According to the government, the 39-year-old trader gave clients inaccurate information about the price of residential mortgage-backed bonds and kept the monetary difference. Litvak, who worked at Jefferies from April 2008 through December 2011, is accused of bilking customers of about $2 million, benefiting himself and his employer.

While Litvak’s legal team tried to persuade a jury that statements Litvak made no difference to customers or their decision of whether to buy the bonds, and that the tactics his client employed are “expected,” the government argued that Litvak’s statements did affect his clients. Litvak was also found guilty of a criminal charge accusing him of fraud related to the Troubled Asset Relief Program.

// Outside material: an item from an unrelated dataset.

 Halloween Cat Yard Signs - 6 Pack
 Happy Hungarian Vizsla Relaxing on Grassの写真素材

Even as she serves her 33-month sentence for securities fraud, Jane O’Brien, a former Merrill Lynch (MER) broker, has now been indicted for her alleged involvement in a Ponzi scam that purportedly ran for nearly two decades. The U.S. Attorney’s Office for the District of Massachusetts says that O’Brien is facing criminal charges for mail fraud, investment adviser fraud, and wire fraud involving the misappropriation of $1.3 million in client monies.

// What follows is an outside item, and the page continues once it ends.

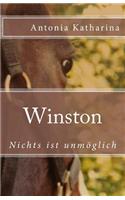 Winston III: Nichts Ist Unmoglich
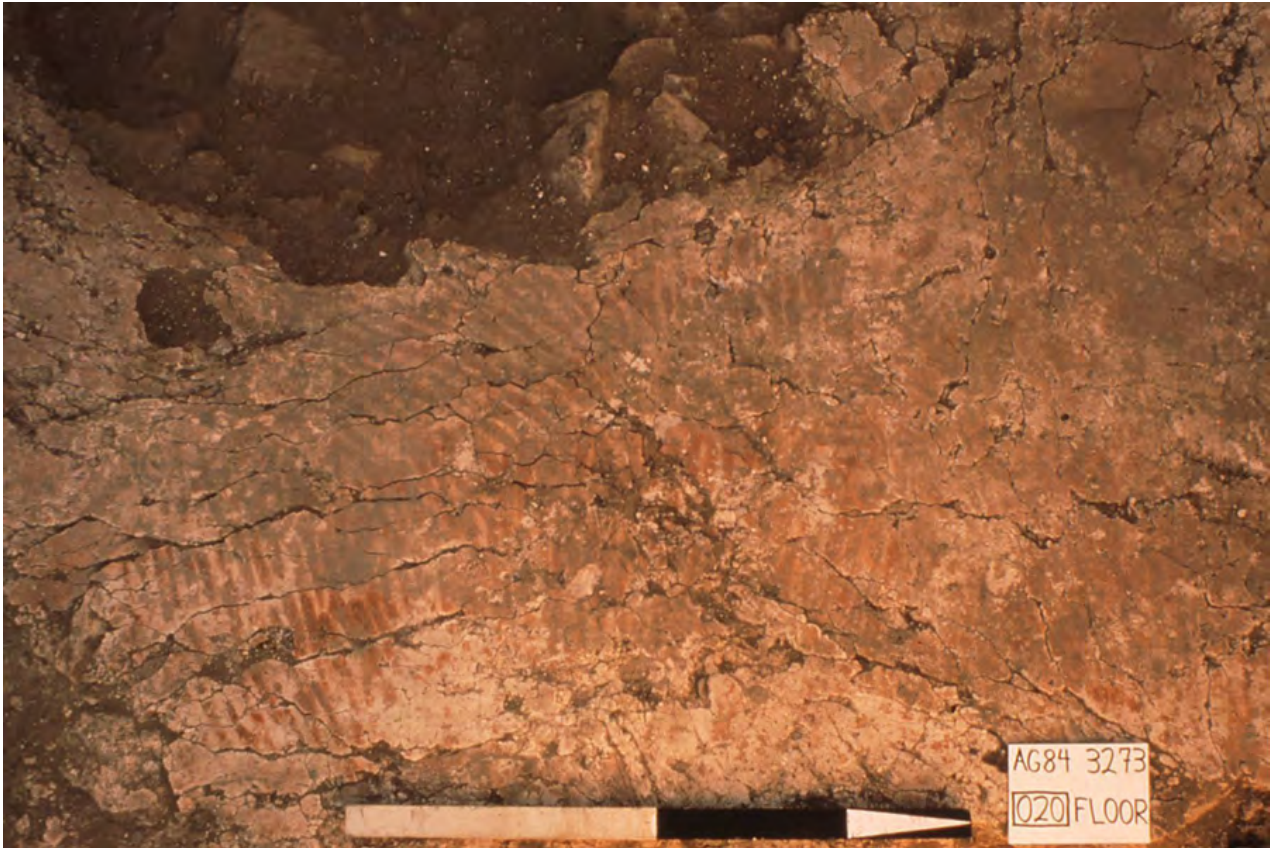 Photograph of the archaeological excavation.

Per the indictment, between 1995 and 2013 and while she worked at Citigroup (C)’s Smith Barney and then later with Merrill, O’Brien persuaded a number of clients to withdraw money from brokerage accounts and their banks. She got their permission to invest the funds in private placements. However, instead, the 61-year-old allegedly used the money to repay other investors and cover her personal expenses.

O’Brien is also accused of making misrepresentations to clients, providing them with materially false statements, “making lulling payments,” and offering false assurances that their money was secure. She even in one instance, allegedly, got a client to invest in “Crooked Arrows,” a Hollywood film, in return for a promised 25% return, which did not happen.

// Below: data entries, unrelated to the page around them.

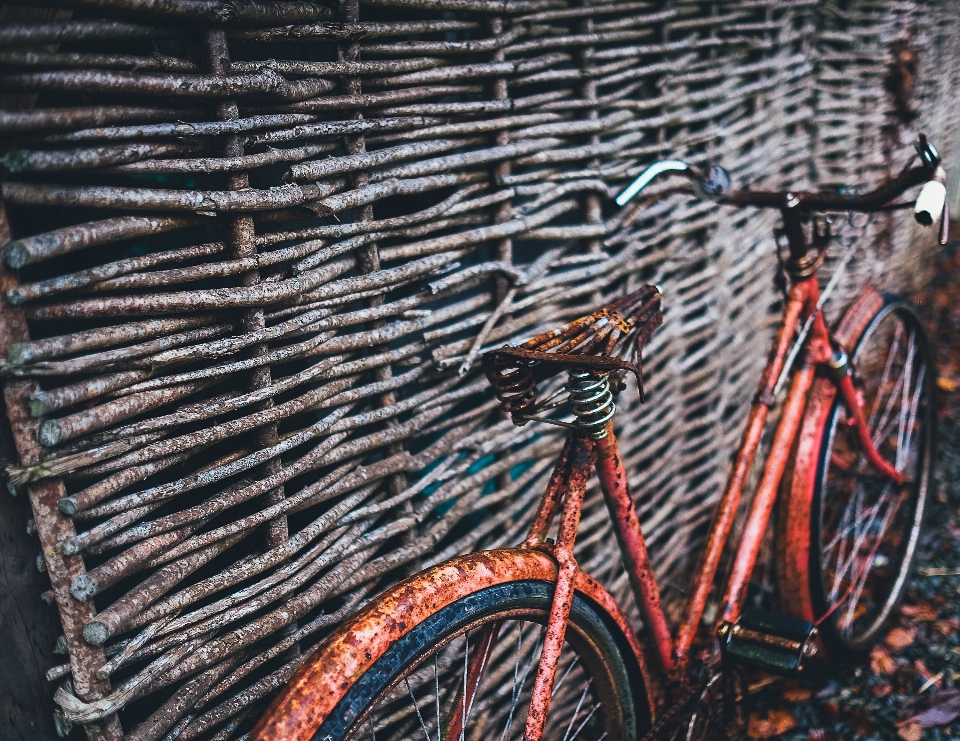 Bicicletta ruggine veicolo arte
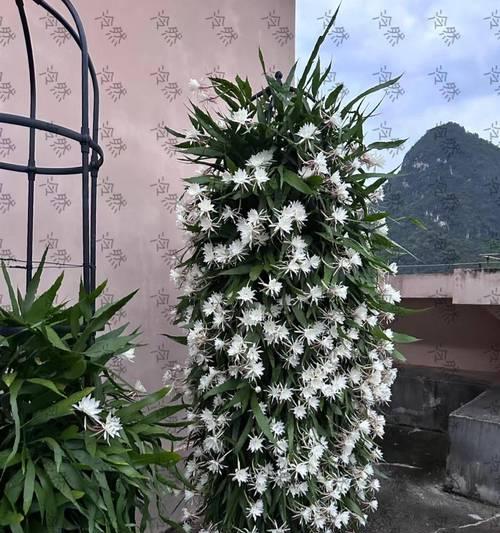 昙花是什么时候开？昙花的开花时间有什么特点？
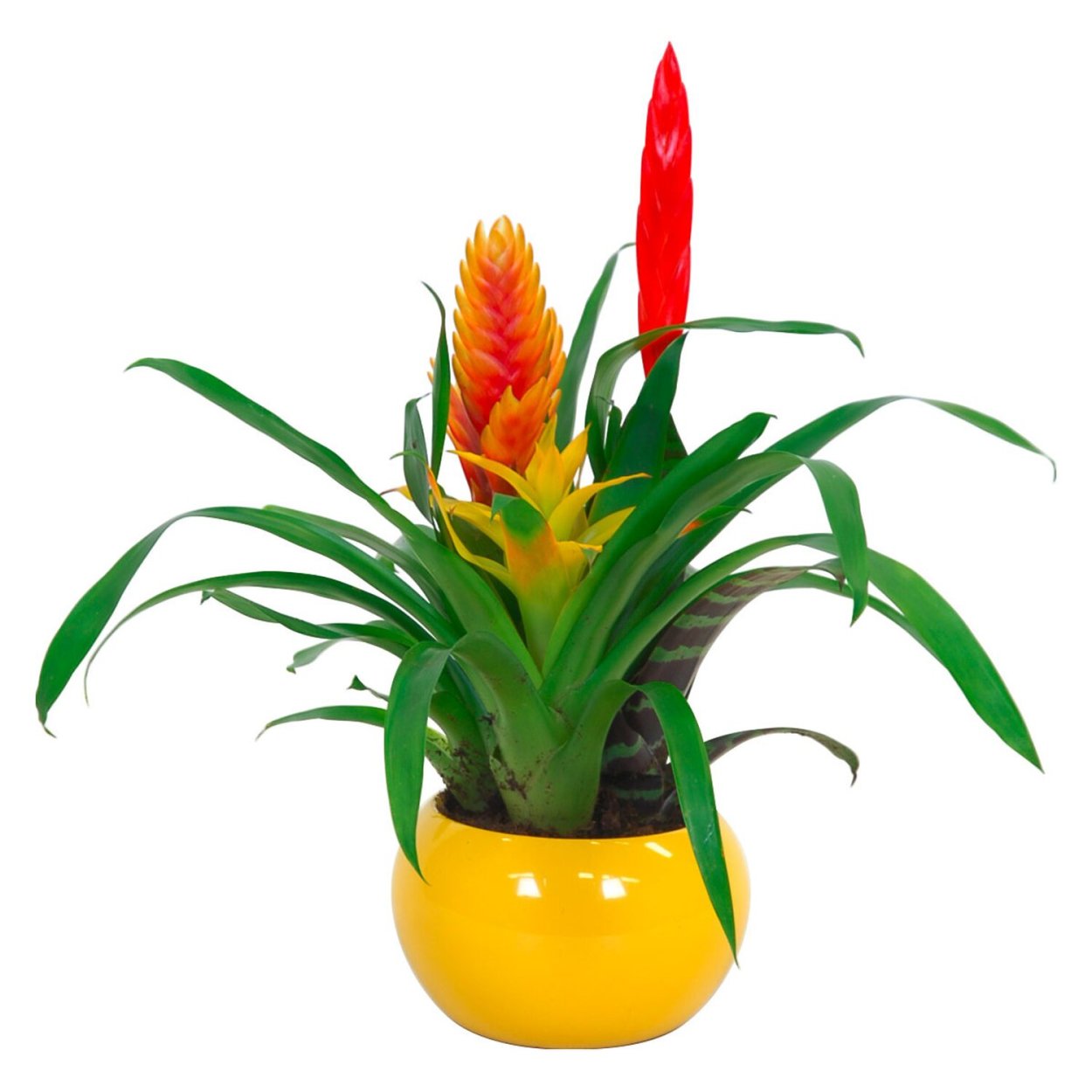 Вриезия лаки желтый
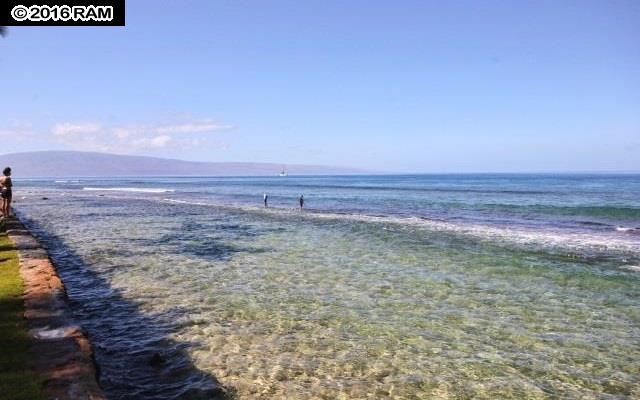 Papakea Resort I II condo # L-106, Lahaina, Hawaii - photo 17 of 18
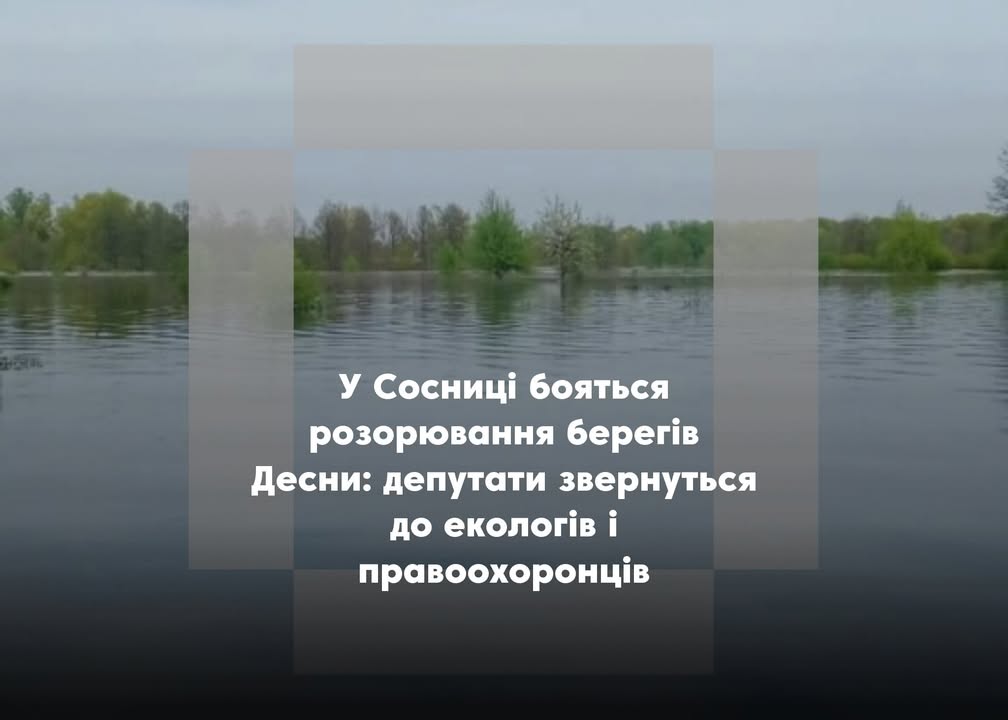 Сесія Сосницької ради: що вирішили депутати щодо оренди земель біля Десни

The city of Detroit has agreed to pay Bank of America Corp.’s (BAC) Merrill Lynch (MER) and UBS AG (UBSN) $85 million as part of a settlement to end interest-rate swaps, which taxpayers have had to pay over $200 million for in the last four years. Now, US Bankruptcy Judge Steven Rhodes must decide whether to approve the deal.

The swaps involved are connected to pension obligation bonds that were issued in ’05 and ’06. They were supposed to protect the city from interest rates going up by making banks pay Detroit if the rates went above a certain level. Instead, the rates went down, and Detroit has owed payments each month.

Under the swaps deal, the city owed $288 million. The settlement reduces the amount by 70%, which should help, as Detroit had to file for protection last year over its $18 billion bankruptcy.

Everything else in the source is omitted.